Qu’est-il arrivé à ces deux petits ? Le 1 er septembre 1944, à l’approche des troupes américaines, les SS décident d’évacuer Wégimont. Dans la précipitation, ils embarquent tous les petits. Walter Beausert est-il emmené parce que son père est allemand ? Est-il pris par erreur, du fait de la confusion qui règne au château ? À ce moment-là, son frère aîné, âgé de trois ans, est à l’abri chez leurs grands-parents. Walter, lui, se retrouve en Allemagne. Il n’en reviendra qu’en 1946 – nous verrons dans quelles circonstances – et n’apprendra la vérité qu’au bout d’un demi-siècle… Un jour de 1998, son frère belge lui a téléphoné : « Notre maman est morte. »
Walter n’en a pas fini avec le Lebensborn . Depuis une dizaine d’années, il raconte son histoire dans des collèges de l’est de la France. Il fait également partie d’une association qui milite pour la reconnaissance des enfants franco-allemands nés pendant la guerre. Il a aussi aidé de nombreuses personnes placées à l’Assistance publique à retrouver leurs origines.
Ce jour-là, je sentais que monsieur Beausert avait encore des foules de choses à me raconter. Mais, le lendemain, j’avais rendez-vous avec Gisèle, une autre enfant de Wégimont. C’est Walter qui m’a parlé d’elle.

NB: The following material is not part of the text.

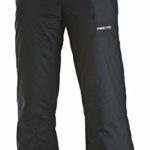 Arctix Women’s Insulated Snow Pant, Black, X-Small/Regular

J’ai repris la route vers l’est. Le long des 66 kilomètres qui défilent entre Nançois-le-Grand et Nancy, on croise des petits villages aux noms oubliés, Saulvaux, Saux-en-Barrois, Menil-la-Horgne ou Vois-Vacon ; des territoires qui ont connu trois invasions allemandes le temps d’une vie d’homme ; des étendues couvertes de champs de bataille, de cimetières militaires et de monuments aux morts. La Meuse, la Meurthe-et-Moselle, en Lorraine. Une France du silence. À partir des années 1980, on y a d’abord fermé les usines. Après les bureaux de poste, on y ferme maintenant les casernes. Voici le tour des tribunaux et des hôpitaux. Bientôt les petites gares. Ensuite, il ne restera qu’à fermer la région.